■ **TASK DIRECTIONS**: Return exactly those lines of the material below that fall between the line holding "VA license plate VKR5482" and the line holding "Nusantara Lima at", inclusive.

■ **INPUT RECORDS**:

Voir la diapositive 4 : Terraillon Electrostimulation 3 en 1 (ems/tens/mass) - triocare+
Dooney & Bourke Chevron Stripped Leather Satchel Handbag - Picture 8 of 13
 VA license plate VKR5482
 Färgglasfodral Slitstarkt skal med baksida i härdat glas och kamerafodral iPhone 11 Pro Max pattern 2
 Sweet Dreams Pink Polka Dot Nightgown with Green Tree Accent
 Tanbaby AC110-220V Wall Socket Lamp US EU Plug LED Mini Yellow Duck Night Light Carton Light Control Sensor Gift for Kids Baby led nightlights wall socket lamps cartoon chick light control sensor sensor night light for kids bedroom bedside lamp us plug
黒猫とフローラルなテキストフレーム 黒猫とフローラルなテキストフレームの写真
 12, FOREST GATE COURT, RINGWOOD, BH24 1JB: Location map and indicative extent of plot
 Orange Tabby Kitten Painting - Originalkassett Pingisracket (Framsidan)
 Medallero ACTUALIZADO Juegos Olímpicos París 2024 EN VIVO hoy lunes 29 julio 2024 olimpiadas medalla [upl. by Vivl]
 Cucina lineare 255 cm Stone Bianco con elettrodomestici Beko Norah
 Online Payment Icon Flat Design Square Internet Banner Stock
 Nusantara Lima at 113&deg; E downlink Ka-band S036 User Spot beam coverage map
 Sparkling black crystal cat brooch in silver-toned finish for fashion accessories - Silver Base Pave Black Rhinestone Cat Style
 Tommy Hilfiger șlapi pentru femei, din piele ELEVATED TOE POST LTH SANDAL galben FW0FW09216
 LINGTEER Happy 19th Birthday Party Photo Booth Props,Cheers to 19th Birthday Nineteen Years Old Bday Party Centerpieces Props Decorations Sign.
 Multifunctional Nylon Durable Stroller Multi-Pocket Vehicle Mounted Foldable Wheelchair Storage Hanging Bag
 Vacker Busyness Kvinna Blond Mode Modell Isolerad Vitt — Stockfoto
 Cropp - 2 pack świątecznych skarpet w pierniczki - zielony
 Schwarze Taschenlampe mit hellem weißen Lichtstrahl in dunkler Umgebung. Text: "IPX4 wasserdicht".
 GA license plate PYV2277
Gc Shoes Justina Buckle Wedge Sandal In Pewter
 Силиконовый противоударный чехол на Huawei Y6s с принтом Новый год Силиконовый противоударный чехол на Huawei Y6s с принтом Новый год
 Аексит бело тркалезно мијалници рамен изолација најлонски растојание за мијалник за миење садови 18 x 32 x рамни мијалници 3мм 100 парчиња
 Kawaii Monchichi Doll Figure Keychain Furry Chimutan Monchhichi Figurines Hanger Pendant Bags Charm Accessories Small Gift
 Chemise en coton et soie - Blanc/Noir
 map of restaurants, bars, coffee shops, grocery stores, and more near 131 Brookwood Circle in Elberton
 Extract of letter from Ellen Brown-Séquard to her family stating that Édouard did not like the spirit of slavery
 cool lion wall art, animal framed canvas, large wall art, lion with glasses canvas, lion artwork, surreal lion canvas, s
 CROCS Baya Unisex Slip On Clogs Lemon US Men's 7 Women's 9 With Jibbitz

■ **EXPECTED ANSWER**:
 VA license plate VKR5482
 Färgglasfodral Slitstarkt skal med baksida i härdat glas och kamerafodral iPhone 11 Pro Max pattern 2
 Sweet Dreams Pink Polka Dot Nightgown with Green Tree Accent
 Tanbaby AC110-220V Wall Socket Lamp US EU Plug LED Mini Yellow Duck Night Light Carton Light Control Sensor Gift for Kids Baby led nightlights wall socket lamps cartoon chick light control sensor sensor night light for kids bedroom bedside lamp us plug
黒猫とフローラルなテキストフレーム 黒猫とフローラルなテキストフレームの写真
 12, FOREST GATE COURT, RINGWOOD, BH24 1JB: Location map and indicative extent of plot
 Orange Tabby Kitten Painting - Originalkassett Pingisracket (Framsidan)
 Medallero ACTUALIZADO Juegos Olímpicos París 2024 EN VIVO hoy lunes 29 julio 2024 olimpiadas medalla [upl. by Vivl]
 Cucina lineare 255 cm Stone Bianco con elettrodomestici Beko Norah
 Online Payment Icon Flat Design Square Internet Banner Stock
 Nusantara Lima at 113&deg; E downlink Ka-band S036 User Spot beam coverage map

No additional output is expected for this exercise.